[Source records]
- - -
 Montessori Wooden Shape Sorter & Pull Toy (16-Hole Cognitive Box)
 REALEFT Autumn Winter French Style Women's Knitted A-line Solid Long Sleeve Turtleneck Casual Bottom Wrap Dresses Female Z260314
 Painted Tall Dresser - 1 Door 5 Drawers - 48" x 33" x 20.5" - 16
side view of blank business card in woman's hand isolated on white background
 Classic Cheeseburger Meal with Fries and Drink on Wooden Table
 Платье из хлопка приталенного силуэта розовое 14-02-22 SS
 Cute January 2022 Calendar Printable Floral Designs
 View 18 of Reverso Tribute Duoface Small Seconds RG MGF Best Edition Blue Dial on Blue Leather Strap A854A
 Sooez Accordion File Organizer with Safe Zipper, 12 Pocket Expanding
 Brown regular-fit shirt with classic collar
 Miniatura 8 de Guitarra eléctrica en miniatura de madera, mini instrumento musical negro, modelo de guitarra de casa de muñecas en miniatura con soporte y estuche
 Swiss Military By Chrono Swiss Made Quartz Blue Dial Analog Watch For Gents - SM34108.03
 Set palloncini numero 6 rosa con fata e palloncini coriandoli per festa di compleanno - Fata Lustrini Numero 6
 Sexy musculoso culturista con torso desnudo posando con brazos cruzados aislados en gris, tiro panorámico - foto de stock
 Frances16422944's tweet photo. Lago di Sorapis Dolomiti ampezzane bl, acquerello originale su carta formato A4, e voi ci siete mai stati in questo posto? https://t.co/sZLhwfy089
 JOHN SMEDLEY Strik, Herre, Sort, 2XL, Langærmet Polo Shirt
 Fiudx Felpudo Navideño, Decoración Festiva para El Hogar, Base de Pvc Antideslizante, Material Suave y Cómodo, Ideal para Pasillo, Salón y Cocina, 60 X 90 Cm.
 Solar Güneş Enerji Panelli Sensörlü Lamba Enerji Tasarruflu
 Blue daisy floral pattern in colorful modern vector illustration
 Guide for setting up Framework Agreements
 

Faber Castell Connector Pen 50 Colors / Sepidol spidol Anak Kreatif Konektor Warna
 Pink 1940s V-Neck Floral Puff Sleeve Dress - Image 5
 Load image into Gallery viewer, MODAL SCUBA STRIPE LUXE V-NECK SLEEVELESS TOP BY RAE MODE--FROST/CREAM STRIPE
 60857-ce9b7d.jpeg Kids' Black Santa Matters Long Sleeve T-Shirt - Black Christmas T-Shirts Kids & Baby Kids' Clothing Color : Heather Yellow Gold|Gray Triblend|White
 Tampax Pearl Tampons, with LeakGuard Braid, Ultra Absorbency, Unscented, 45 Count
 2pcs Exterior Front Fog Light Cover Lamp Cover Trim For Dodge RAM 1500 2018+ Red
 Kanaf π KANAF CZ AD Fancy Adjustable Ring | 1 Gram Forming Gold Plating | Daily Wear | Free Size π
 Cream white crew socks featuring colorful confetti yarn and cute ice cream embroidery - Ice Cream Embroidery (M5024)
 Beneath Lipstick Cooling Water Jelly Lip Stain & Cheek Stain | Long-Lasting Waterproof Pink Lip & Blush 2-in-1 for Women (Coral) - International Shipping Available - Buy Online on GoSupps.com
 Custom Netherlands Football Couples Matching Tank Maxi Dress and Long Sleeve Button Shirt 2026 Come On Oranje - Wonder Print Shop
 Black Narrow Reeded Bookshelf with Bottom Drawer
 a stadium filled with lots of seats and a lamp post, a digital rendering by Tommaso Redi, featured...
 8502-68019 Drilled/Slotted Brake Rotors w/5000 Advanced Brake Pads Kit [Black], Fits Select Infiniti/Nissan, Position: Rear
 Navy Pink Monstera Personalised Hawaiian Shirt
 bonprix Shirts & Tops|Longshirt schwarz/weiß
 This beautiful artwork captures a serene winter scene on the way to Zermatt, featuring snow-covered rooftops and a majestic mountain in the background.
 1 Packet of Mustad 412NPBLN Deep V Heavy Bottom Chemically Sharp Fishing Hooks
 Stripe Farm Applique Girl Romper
- - -
### Exercise
Taking the records above, retype every line from the one with "Load image into" down to the one with "Cream white crew", exactly and with nothing else.

### Task solution
 Load image into Gallery viewer, MODAL SCUBA STRIPE LUXE V-NECK SLEEVELESS TOP BY RAE MODE--FROST/CREAM STRIPE
 60857-ce9b7d.jpeg Kids' Black Santa Matters Long Sleeve T-Shirt - Black Christmas T-Shirts Kids & Baby Kids' Clothing Color : Heather Yellow Gold|Gray Triblend|White
 Tampax Pearl Tampons, with LeakGuard Braid, Ultra Absorbency, Unscented, 45 Count
 2pcs Exterior Front Fog Light Cover Lamp Cover Trim For Dodge RAM 1500 2018+ Red
 Kanaf π KANAF CZ AD Fancy Adjustable Ring | 1 Gram Forming Gold Plating | Daily Wear | Free Size π
 Cream white crew socks featuring colorful confetti yarn and cute ice cream embroidery - Ice Cream Embroidery (M5024)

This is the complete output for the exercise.